Thursday, April 11, 2019

Eric Musselman hired at Arkansas

Photo Credit: David Gottschalk-Whole Hog Sports
The Southeastern Conference performed well in the 2018-19 basketball season as the SEC placed seven teams in the "Big Dance", four of those survived until the Sweet 16 and were a controversial foul away from Auburn playing on Monday night for the national championship.

However, even in the best of years, someone has to be the weak sister that gets sand kicked in their faces and as teams have to finish at the top of league play there are teams that have to finish at the bottom as well.

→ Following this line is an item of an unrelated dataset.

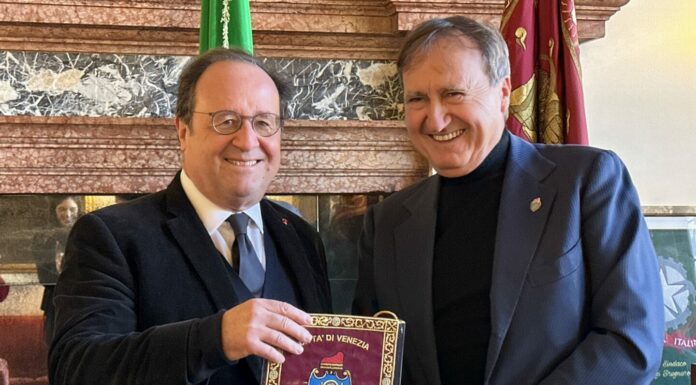 Sindaco Brugnaro riceve ex presidente francese Hollande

Four of those teams decided to make head coaching changes and each decided to hire successful coaches, but from different backgrounds as their hire.
Alabama replaced NBA veteran Avery Johnson with Buffalo's Nate Oats, who had been very successful in making his Buffalo Bulls the bully of the Mid-American Conference in winning three of the four MAC tournaments under his watch and averaging 84 points a game last season.
Texas A&M decided to go with the more proven veteran as the Aggies swapped Billy Kennedy with Buzz Williams, who had won over 20 games in each of the last four seasons at Virginia Tech.
Vanderbilt released Bryce Drew and hired Jerry Stackhouse, a former NBA star that had served as an NBA assistant, but has never been a head coach at any level or coached at any college ever.
That left Arkansas and they hired a coach that blends all of the best qualities of the above three coaches and might give them the best of them all.

Eric Musselman has the NBA experience of Stackhouse (including a head coaching stint with the Warriors), the program building of Williams and the upbeat style of play of Oats and his hiring at the University of Arkansas seems to me to be a situation where the second choice is actually the better choice.
Arkansas had shown interest in Houston coach Kelvin Sampson, but with the continuing investment in Cougar sports by booster Lorenzo Fertitta, the Cougars don't pay their coaches like a mid-major school (as shown when they went after and grabbed Dana Holgorsen from West Virginia to head the football program) and signed Sampson to a six-year, eighteen million dollar extension to take what appeared to be the Hogs top choice off the meat market (pig pun intended).

Musselman's teams at Nevada averaged 80 points a game last season, won the Mountain West three times (regular season) in four years, appeared in the NCAA three times and finished with a four-year record of 110-34.
To put that into perspective, Nevada had losing records for each of the three seasons before Musselman's hiring and won only nine games in the season preceding his hiring.
In four seasons, Nevada increased their PPG by twenty and came within one basket on an elite eight appearance, so the turnaround was remarkable under Musselman's guidance.

Arkansas is a school that has basketball tradition, winning a national title under Nolan Richardson in 1994 and going to a Final Four under Eddie Sutton, but only occasionally have popped up with strong season since Richardson's departure in the 2001-02 campaign.
Arkansas has strong facilities, is the main school in the state and for a state of its size has a better than average pool of in-state players to recruit from.
Add those facts to a rabid in-state fan base and you should at minimum have a program that consistently in the top of their conference along with the capabilities of national contention.
Why hasn't Arkansas been able to live up to those standards?
I'm not sure, the Razorbacks appear to have everything, if not more than most schools that have been finishing ahead of them and even though I haven't seen any games recently, I've never thought that their last head coach, Mike Anderson was awful to the point of being a severe hindrance to contention.

Eric Musselman will bring a fun brand of basketball to Fayetteville and will hit the recruiting trail with intensity.
Musselman could use the JUCO and transfer route as he did at Nevada to give the program an instant jolt of energy or he could attempt to leap into the Arkansas recruiting class to immediately establish his credibility with the high school coaches of the state, but Musselman recruited nationally at Nevada and he'll have a larger and more visible platform at Arkansas to recruit from.

The other three SEC newcomers may have bigger names from their playing days, bigger coaching names from a Power Five school or even the hot young coach from a mid-major, but I have a feeling Arkansas just may have added the best of all to their bench and the Hogs will be returning to prominence in the next two to three seasons, if not sooner.
The energy and enthusiasm will be contagious in the Fayetteville area and I'm just glad that I can kick back and root for Arkansas without the worries of Eric Musselman coaching a team in Big Ten or Big East play!